• _WORK TO COMPLETE_: From the listing that follows, reproduce only the lines from the one holding "REST API Head endpoint toggle in Yoast SEO" through the one holding "Sisa GALBANI SANTA", both included, with no pictures.

• _AVAILABLE RECORDS_:
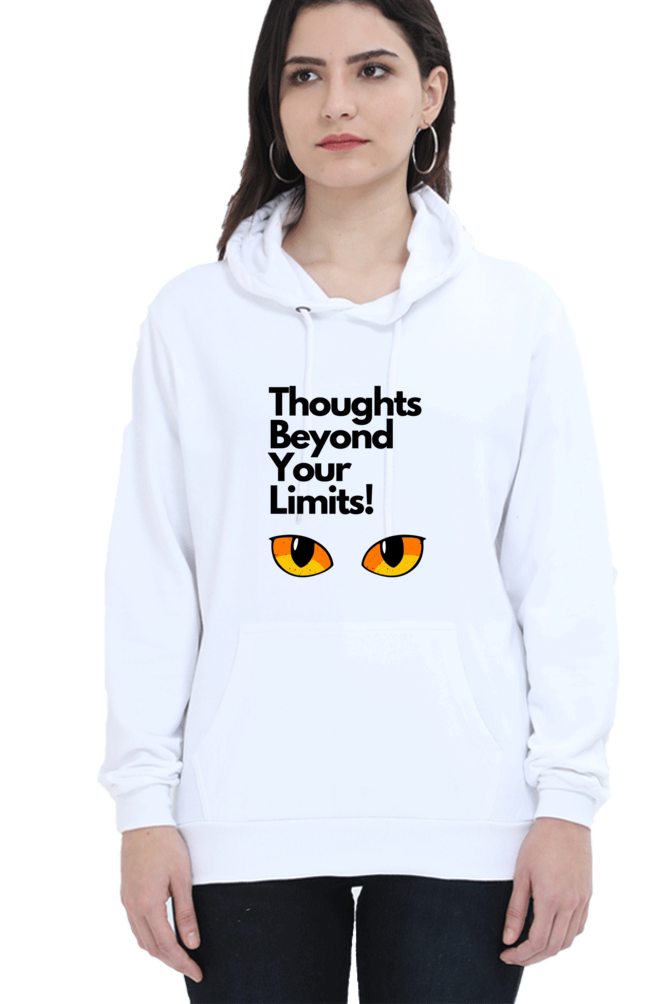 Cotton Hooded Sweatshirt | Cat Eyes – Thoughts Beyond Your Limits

---

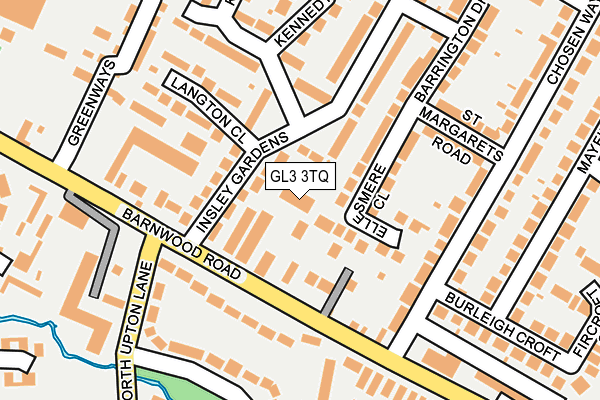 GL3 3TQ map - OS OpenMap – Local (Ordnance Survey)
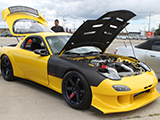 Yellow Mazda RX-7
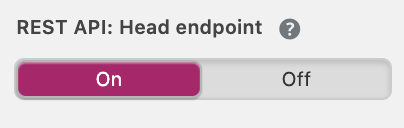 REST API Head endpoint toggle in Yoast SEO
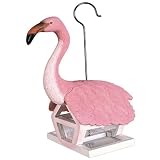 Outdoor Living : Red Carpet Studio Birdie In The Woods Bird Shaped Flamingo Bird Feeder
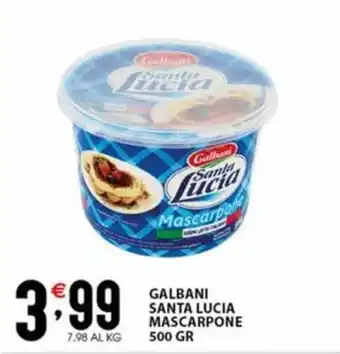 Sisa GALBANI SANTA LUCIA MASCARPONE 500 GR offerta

...

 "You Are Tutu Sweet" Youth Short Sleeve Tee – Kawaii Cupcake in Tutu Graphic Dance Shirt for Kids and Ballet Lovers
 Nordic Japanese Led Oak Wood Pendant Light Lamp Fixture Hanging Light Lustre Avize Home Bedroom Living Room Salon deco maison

• _EXERCISE OUTPUT_:
 REST API Head endpoint toggle in Yoast SEO
 Outdoor Living : Red Carpet Studio Birdie In The Woods Bird Shaped Flamingo Bird Feeder
 Sisa GALBANI SANTA LUCIA MASCARPONE 500 GR offerta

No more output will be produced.